Expectations are high for the former Washington Husky after being the first running back taken in the 2014 draft. Following the success of Eddie Lacy and Giovani Bernard—both of whom were second-round picks as well—fans are eager to peg Sankey as this season's can't-miss rookie rusher.
Following Week 1 of the preseason, Sankey's hype is reaching new heights. He ran for 37 yards and caught three passes for 38 yards and a touchdown. Those numbers are even more impressive when you think back to the terrible offensive conditions in Nashville.
Bleacher Report's Eric Mack listed Sankey as the biggest fantasy takeaway from the game:
The involvement in the passing game should help quarterback Jake Locker's development and should be considered a potential coup for fantasy owners, especially in PPR formats. Sankey has the makings of a big-time rookie running back for fantasy, perhaps even a 1,000-yard rusher with 600 yards receiving.

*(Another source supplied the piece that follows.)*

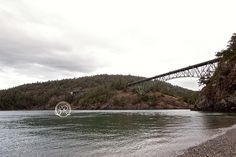 a large bridge spanning over a river next to a lush green forest covered hillside on a cloudy day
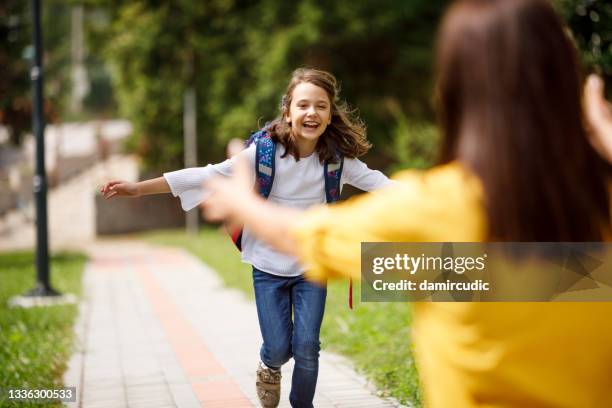happy schoolgirl running to hug mother after school - happy ending stock pictures, royalty-free photos & images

Mack went on to write that if the rookie can earn the starting running back job, he's a potential second-round draft pick in terms of value.
Playing time is one of the biggest variables when gauging Sankey's potential fantasy value at the moment. In addition, not only does he have Shonn Greene to worry about, but Dexter McCluster is also there to eat into his potential number of plays.
It's no guarantee that Sankey will be atop the depth chart in Week 1. Titans head coach Ken Whisenhunt praised the rookie after Tennessee's 20-16 win but added a small critique as well.
"Bishop Sankey, he did okay," said Whisenhunt, per TitansOnline.com. "He had a couple of things that we’ve got to get cleaned up."
It's worth noting that Greene and McCluster were more efficient on the ground than Sankey, with the former averaging 5.0 yards a carry and the latter getting 6.3 yards a carry. Sankey might have led the team with 37 yards, but that number doesn't sound as good when you consider it came on 13 carries.
He didn't have the kind of amazing game that makes you immediately think that starting job will be his, at least once the important games begin.
For the time being, that unpredictability in terms of his role in Tennessee makes Sankey a bit of a risk if you take him too early. Why use an early pick on somebody who's not even guaranteed to start when the regular season rolls around?
Until Whisenhunt comes about and publicly declares that Sankey is his starting running back, you should be mindful of when you're drafting the 21-year-old in your fantasy league.
Jason and Justin Sablich of The New York Times were nowhere near as bullish as Mack was when it came to Sankey's fantasy value. They listed him as one of five players whose stock dropped:
Sankey’s nifty touchdown reception against the Packers’ backup defenders highlights his P.P.R. allure, but he is not going to unseat the veteran Shone Greene for early down reps without a major improvement on his 2.6 Y.P.C. in the coming weeks. Entrenched in a full blown three-back committee, along with Dexter McCluster, his current ADP of 53 in standard scoring leagues seems overly optimistic.
According to ESPN.com, Sankey's average draft position is 78.5, which seems a bit high but isn't really since he's on average being selected behind Toby Gerhart, Shane Vereen, Steven Jackson and Joique Bell.
If you can nab him in the sixth round and beyond, he's more than worth the possibility that he doesn't play right away. In PPR leagues, his value's even higher because he's such a good receiver.
But don't fall into the trap of drafting Sankey too early because he was the first RB taken in the draft and had one encouraging preseason performance. Don't try and be the smartest guy in the room.